What Most People Miss: The Internal Partition
The common narrative focuses on the border between the two countries. What most observers miss is how the partition continues to occur inside the states. The 1947 logic created a precedent: that identity and geography must be perfectly aligned. This has emboldened separatist movements on both sides of the line, from Balochistan to the Naxalite corridors and the Northeast of India. The state's response is invariably a tightening of central control. Partition did not just create two countries; it created a security-first mindset that prioritises the map over the citizen.
Strategic Consequences for the 2020s
As we navigate the middle of the 2020s, the Radcliffe line has taken on new significance in the context of the US-China rivalry. Pakistan has become the western anchor of China’s Belt and Road Initiative (BRI) via the CPEC corridor. India, conversely, has moved into a de facto maritime alliance with the West via the Quad.
"Partition ensured that the subcontinent could never be a single strategic actor.
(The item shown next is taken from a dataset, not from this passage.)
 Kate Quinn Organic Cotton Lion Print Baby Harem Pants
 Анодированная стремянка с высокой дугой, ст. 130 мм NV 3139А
By forcing India and Pakistan into a permanent embrace of mutual hostility, it created a vacuum that external powers are compelled to fill."
China’s presence in Gwadar and its claims in Ladakh are effectively an exploitation of the 1947 fractures. Beijing has realised that by putting pressure on the old partition lines, it can keep India pinned down locally, preventing New Delhi from projecting power into the wider Indo-Pacific. The line on the map is now a tool of global containment.
What to watch
- The Indus Waters Treaty: Watch for any formal move by India to renegotiate or bypass this treaty; it is the last structural tether between the two nations.
- The Line of Actual Control (LAC): Increased Chinese infrastructure in areas disputed since 1947 indicates a transition from tactical skirmishes to permanent occupation.
- Domestic Demographic Shifts: Increasing religious nationalism in both states makes the 'border' a core part of political identity, making any future diplomacy nearly impossible.
The KJ Verdict
Partition is not a past event; it is a contemporary process. We must stop viewing the 1947 border as a settled fact and start viewing it as a permanent geopolitical irritant. It was designed to solve a British problem of exit, but it created an Asian problem of existential rivalry. As long as the logic of the line remains—that identity must define territory—the subcontinent will remain a captive of its own geography. The real tragedy is not the blood spilled in 1947, but the trillions of dollars in lost economic potential and the millions of lives shaped by a state of permanent, managed war. The line won’t move, and therefore, neither can the peace.